Florida has been ground zero for the #DumpTrump and #NeverTrump campaigns that helped pile in tens of millions of dollars into the state in the form of TV ads against the former reality TV star. Many of the super PACs creating and bankrolling the advertisements plan to continue the attacks against Trump, even when it might be to their party’s detriment.

“I can’t say what people will do past Florida, but the commitment they have all made in Florida has set up a sharp signal that folks with resources have geared up to attack the virus that Donald Trump represents in the country all the way to the convention,” said Rick Wilson, a long-time Florida-based Republican strategist.

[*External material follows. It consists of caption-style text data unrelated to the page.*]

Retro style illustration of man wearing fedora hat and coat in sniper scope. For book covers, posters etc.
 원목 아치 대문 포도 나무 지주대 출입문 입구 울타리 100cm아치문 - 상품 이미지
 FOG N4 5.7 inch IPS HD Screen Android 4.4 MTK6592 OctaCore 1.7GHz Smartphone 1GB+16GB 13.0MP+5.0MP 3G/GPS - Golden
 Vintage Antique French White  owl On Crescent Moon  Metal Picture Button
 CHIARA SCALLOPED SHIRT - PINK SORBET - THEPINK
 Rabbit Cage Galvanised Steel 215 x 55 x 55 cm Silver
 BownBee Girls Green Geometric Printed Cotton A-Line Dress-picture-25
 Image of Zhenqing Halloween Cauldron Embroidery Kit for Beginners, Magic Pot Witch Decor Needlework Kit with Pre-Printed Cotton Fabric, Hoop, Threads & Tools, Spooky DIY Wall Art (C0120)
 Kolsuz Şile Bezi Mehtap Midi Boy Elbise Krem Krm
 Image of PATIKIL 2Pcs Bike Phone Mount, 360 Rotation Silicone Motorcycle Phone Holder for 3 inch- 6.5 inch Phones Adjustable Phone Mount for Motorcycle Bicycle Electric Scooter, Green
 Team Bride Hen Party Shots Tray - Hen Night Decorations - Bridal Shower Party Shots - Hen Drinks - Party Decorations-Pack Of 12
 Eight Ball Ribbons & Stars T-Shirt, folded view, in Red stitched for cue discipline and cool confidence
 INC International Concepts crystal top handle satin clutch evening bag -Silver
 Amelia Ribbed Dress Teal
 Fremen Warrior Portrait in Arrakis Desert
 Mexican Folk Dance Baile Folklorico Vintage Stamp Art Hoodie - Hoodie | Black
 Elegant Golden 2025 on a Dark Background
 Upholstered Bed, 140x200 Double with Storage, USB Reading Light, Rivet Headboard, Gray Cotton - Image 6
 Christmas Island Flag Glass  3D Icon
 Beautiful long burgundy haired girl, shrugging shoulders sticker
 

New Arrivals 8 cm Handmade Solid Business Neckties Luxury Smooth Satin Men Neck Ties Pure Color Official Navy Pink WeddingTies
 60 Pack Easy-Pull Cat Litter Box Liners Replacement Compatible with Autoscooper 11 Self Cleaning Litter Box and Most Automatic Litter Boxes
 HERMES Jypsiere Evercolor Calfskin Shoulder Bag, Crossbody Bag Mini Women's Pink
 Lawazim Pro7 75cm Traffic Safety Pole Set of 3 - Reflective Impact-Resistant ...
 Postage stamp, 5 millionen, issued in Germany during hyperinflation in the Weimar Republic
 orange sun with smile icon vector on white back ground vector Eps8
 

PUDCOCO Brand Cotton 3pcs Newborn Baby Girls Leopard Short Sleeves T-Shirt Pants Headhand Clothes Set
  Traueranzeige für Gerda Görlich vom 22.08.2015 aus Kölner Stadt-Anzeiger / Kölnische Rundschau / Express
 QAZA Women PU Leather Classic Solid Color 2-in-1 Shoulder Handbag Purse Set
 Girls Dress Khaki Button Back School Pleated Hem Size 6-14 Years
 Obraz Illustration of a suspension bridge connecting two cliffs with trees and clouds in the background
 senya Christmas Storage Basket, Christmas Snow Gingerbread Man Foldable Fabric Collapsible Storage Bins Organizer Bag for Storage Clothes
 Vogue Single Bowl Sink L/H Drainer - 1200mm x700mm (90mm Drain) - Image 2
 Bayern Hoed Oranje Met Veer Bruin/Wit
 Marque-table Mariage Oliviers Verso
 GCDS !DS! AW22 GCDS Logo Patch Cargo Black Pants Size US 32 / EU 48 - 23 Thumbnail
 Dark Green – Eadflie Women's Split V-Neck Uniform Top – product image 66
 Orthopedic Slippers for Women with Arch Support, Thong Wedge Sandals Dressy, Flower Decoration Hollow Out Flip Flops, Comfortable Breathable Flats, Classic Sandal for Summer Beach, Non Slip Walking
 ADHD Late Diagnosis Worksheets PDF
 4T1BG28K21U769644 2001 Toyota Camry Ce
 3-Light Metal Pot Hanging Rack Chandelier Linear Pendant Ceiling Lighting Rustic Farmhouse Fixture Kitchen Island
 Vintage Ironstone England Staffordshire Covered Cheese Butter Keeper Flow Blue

But for voters, the decision between party alliance and voting against a candidate you hate is not an easy one. At Rubio’s last rally in Miami on Monday where many of his supporters were avidly against Trump—calling him “embarrassing” and “un-presidential”—many in the crowd were split on whether, if it came down to it, they’d choose Clinton over Trump.

“Even worse than Donald Trump is for our nation to continue to downward spiral into socialism—if American doesn’t wake up and realize what’s happening,” said Nercy Radcliffe, 47, an administrator of a health care clinic in Miami. “Unfortunately, any Republican is better than a Democrat.”

Maria Laurencio, 65, a retired anesthesiologist in Coral Gables, who volunteered for Rubio’s campaign, said the opposite.

“I have always voted Republican, but in this election, if Mr. Trump is the nominee I will vote for Hillary,” she said. “Well, I don’t like Hillary personally but I despise Mr. Trump. I think that at least Hillary has experience. I don’t agree with her policies, I don’t think she’s trustworthy because I don’t think she’s very honest. But at least she’s presidential; she will not embarrass us in the global sphere. Mr. Trump, I will be ashamed to have him represent this country.”